Deux Nocturnes ouvrent la porte du CD avec une discrétion infinie, l’abandon de l’op. 9/1 et son charme mélodique préparant avec une intensité retenue le climat instable de l’op. 15/3. Suivent trois Valses, la caressante et effleurée op. 70/2, les 2 et 3 de l’op. 64, douces et pensives, dans lesquelles le temps semble distendu. La fluidité du discours qui traverse tout ce panorama chopinien, à la fois fascinant et lumineux (la clarté peut aussi surgir entre les « feuilles nocturnes » !), est encore présente dans quatre Nocturnes dont le drame de l’op. 55/1 et le mystère de l’op. 62/1 sont entourés par Koroliov d’une fragilité qui les rend féeriques. Il faudrait citer et creuser en profondeur chacune des dix-sept pages (« feuilles », que ton nom est ici bien choisi !) que le pianiste approfondit dans une recherche de la beauté sonore et de la ligne d’un chant poétique infini. On sent que ce virtuose est épris aussi de peinture, d’architecture, de littérature et en particulier de lyrisme. Il dessine des paysages intérieurs (le Nocturne op. Posthume qui conclut le récital ouvre les portes de l’inconsolabilité) et esquisse des mini-tableaux, au cœur desquels les Etudes sélectionnées, dont celles de l’op. 25/ 1 et 2, font la preuve que la maîtrise technique peut s’inscrire dans le souci de l’émotion et de la vibration, en différenciant les notes, même celles qui semblent trembler, comme si chacune d’elles avait une importance fondamentale et n’était semblable à aucune autre.

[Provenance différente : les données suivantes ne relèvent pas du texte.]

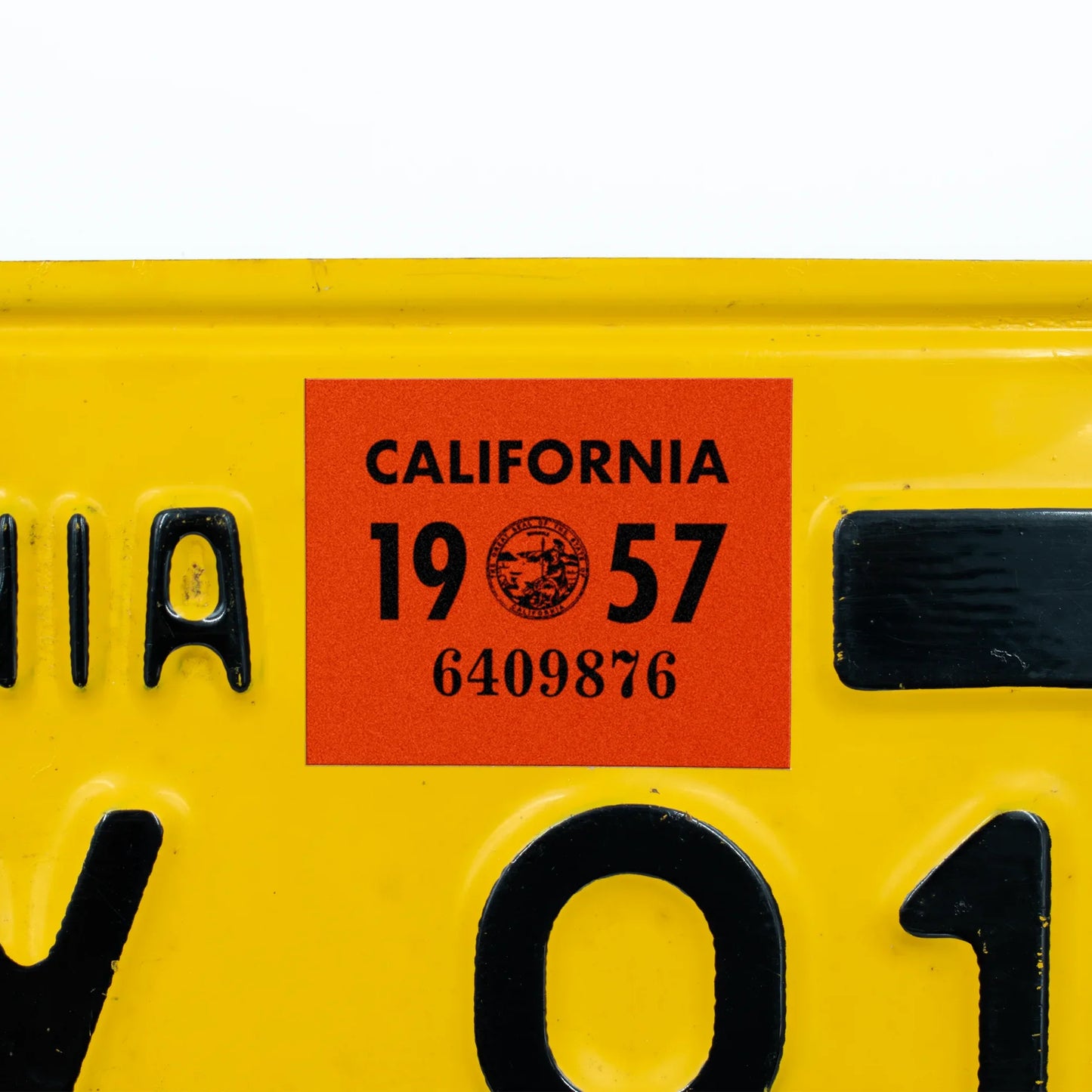 California license plate 1957 year sticker applied to yellow California plate — YOM Series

Dans cette optique, Koroliov livre son univers chopinien avec une vérité qui est sans doute celle de l’idéal qu’il vit dans son âme d’artiste. Nous rejoignons Wolfgang Wendel lorsqu’il écrit que « Koroliov a par son jeu élevé les sublimes royaumes de Chopin à un niveau où ils peuvent être vécus par et en nous, auditeurs. » C’est en cela que réside le secret de ce récital que nous plaçons très haut pour sa part d’ombre et de lumière qu’il illustre avec un sens du partage auquel on ne peut pas résister. Cet enregistrement a été effectué en février 2019 à Berlin, dans la Jesus-Christus-Kirche, sur un Steinway D-274, dont Koroliov fait rayonner toute la palette de couleurs.